The main issue: force-feeding of ducks or geese to fatten their liver

Foie gras, the fattened liver of a duck or goose, has become a controversial food, even for meat eaters, because of the way it is produced.

With rare exceptions, foie gras production involves a process called gavage—the French term for the force-feeding of ducks or geese through a tube that is inserted into the birds’ mouths and down the esophagus. The result is the fattening of the birds’ livers that gives foie gras its distinctive flavor.

That flavor is treasured by many diners, but the treatment of the birds has led to bans on the production of foie gras in 17 countries and in California. Many restaurants and some prominent chefs also have sworn off the delicacy, and some major retailers have stopped selling it.
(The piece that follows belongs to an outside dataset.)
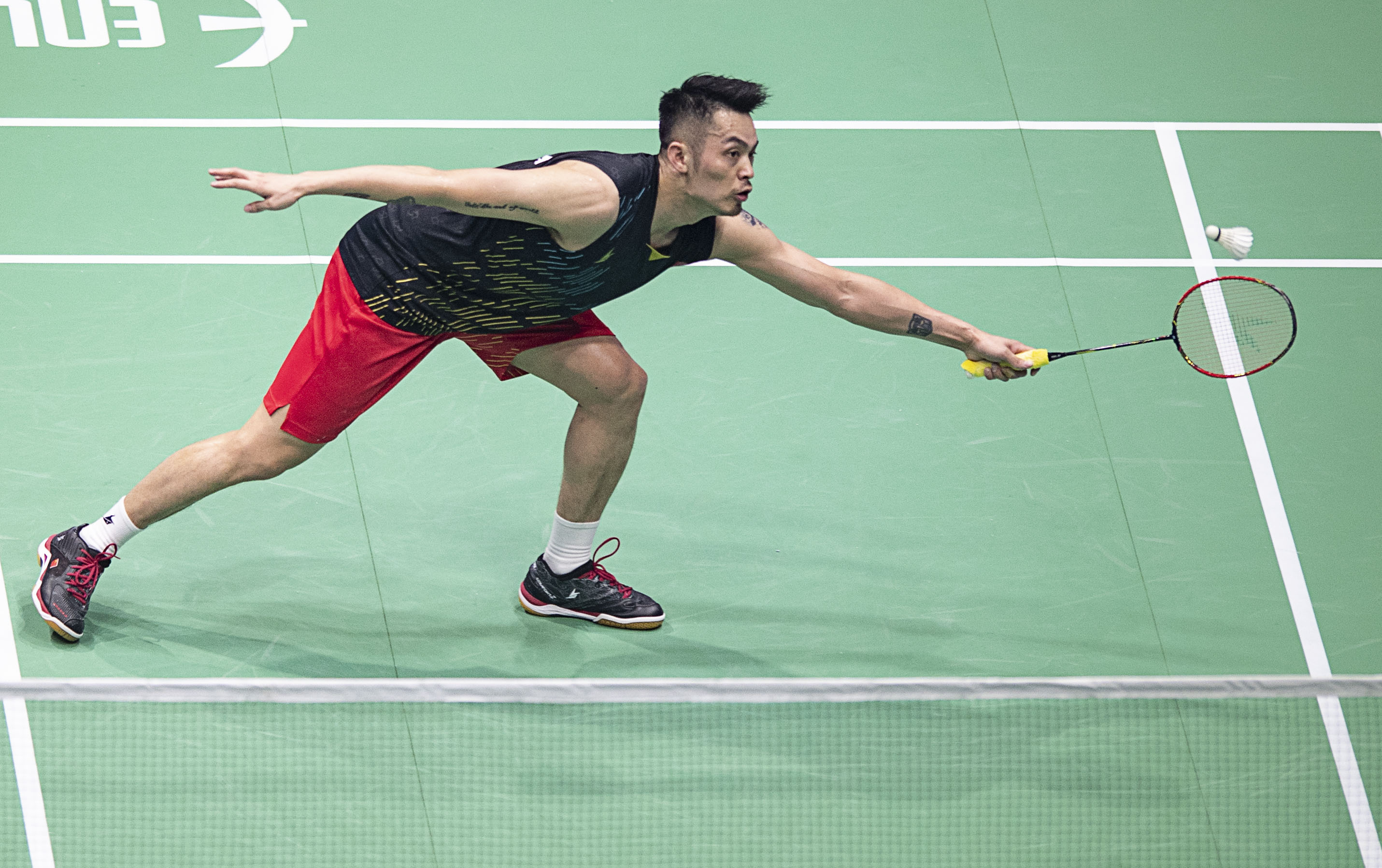 沙特阿拉伯 沙特阿拉伯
Concerns about foie gras production go beyond the force-feeding of birds to include some of the same issues that surround the treatment of other farm animals raised to be eaten. In many cases, for instance, the birds are kept in cages that allow for very little movement.

However, some foie gras producers, particularly in the U.S., don’t cage their birds. And some people argue that the fattening process needn’t be traumatic for the birds or injure them, if done with care. Under these conditions, some believe, foie gras production is no less ethical than the production of any kind of meat, and is better than the treatment of other animals on many farms.

Adele Douglass, the founder and executive director of Humane Farm Animal Care, makes the case that it is unethical to eat foie gras. Presenting the opposing view is J. Kenji López-Alt, managing culinary director of SeriousEats.com and author of the website’s Food Lab column.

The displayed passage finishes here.